May 1, 2010 at 2:16 pm
I have started working on indexes lately and was studying indepth about them in Sql Server.
I created a a nonclustered index on a table Which had just two columns one "ObservationTime" (DateTime Type) and other PointValue(Integer Type).
I inserted some .5 million rows from 1st January 2009 to 1st January 2010(I inserted data for every 1 minute starting from 1st January 2009)
with some random Point Values
After that I Created index on ObsDateTime and ran a query like below
Select PointValue From IndexTestTable Where ObservationTime Between '5/1/2009' and '5/2/2009'.
This returns me around 1440 rows but I was suprised to see Table scan in Query plan. So Indexes were not reffered at all.
I was expecting Index scan here. Can anyone guide me what's actually happening here.
There is one thing to note here :when I replicate the same thing in oracle, indexe on the dateTime field is reffered.
Also , please post or refer some book or online material for studying in depth about indexes in sql server.
Thanks and regards,
Kunal Uppal
May 1, 2010 at 2:35 pm
the table contains 500,000 rows? If your distribution of data was even as your description suggests it would be then I would expect your query to return about 40,000 rows or 8% of the data.
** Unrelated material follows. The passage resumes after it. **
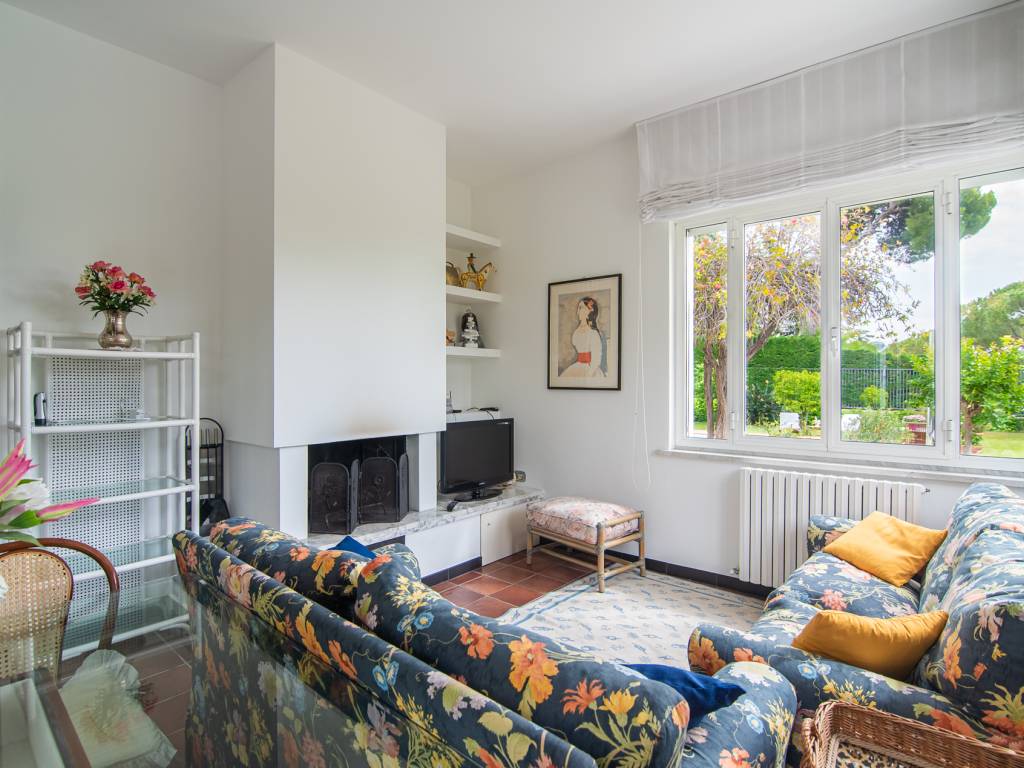Villa a Sanremo in Corso Guglielmo Marconi - Foto 5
It only returns 1440 rows so the distribution is obviously not even. Update the stats and see what happens.
Also the column you are retrieving is not part of the index so bookmark lookups would be required if the index was used, SQL may have decided a table scan was the better option, especially as the size of the index is going to be comparable to the size of the table.
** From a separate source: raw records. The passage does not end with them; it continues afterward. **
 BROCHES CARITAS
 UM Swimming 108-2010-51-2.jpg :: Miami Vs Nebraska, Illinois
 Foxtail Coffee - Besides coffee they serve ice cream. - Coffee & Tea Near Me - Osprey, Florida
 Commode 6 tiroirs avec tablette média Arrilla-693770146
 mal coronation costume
---------------------------------------------------------------------
May 1, 2010 at 2:44 pm
Ahh, language settings, is that query 1st and 2nd May or 5th Jan to 5th Feb?
Former I presume. Same arguments still apply.
---------------------------------------------------------------------
May 1, 2010 at 2:56 pm
It's from 1st May to 2nd May.
and even if I add some more columns and include it in my Select list, Sql Server still goes for Table Scan
May 1, 2010 at 3:01 pm
The search criteria on the where clause is used by SQL to determine optimum plan, not the select list.
Post your create table script, sample values and the execution plan.
---------------------------------------------------------------------
May 1, 2010 at 4:14 pm
george sibbald (5/1/2010)
The search criteria on the where clause is used by SQL to determine optimum plan, not the select list.Post your create table script, sample values and the execution plan.
Same here...
If there are really only 2 columns in the table then the index has to be used somehow and assuming the stats are not out of whak, the optimizer should figure out that a seek is the fastest here.
Just a quick suggestion. Change the index you just created to clustered index and then make sure you are using the datetime datatype in the where condition (either use declared variableor explicit convert). the latter suggestion is to rule out convert implicit which will always force a scan of the table or index.
May 1, 2010 at 7:23 pm
uppal.kunal (5/1/2010)
I have started working on indexes lately and was studying indepth about them in Sql Server.I created a a nonclustered index on a table Which had just two columns one "ObservationTime" (DateTime Type) and other PointValue(Integer Type).
I inserted some .5 million rows from 1st January 2009 to 1st January 2010(I inserted data for every 1 minute starting from 1st January 2009)
with some random Point Values
After that I Created index on ObsDateTime and ran a query like below
Select PointValue From IndexTestTable Where ObservationTime Between '5/1/2009' and '5/2/2009'.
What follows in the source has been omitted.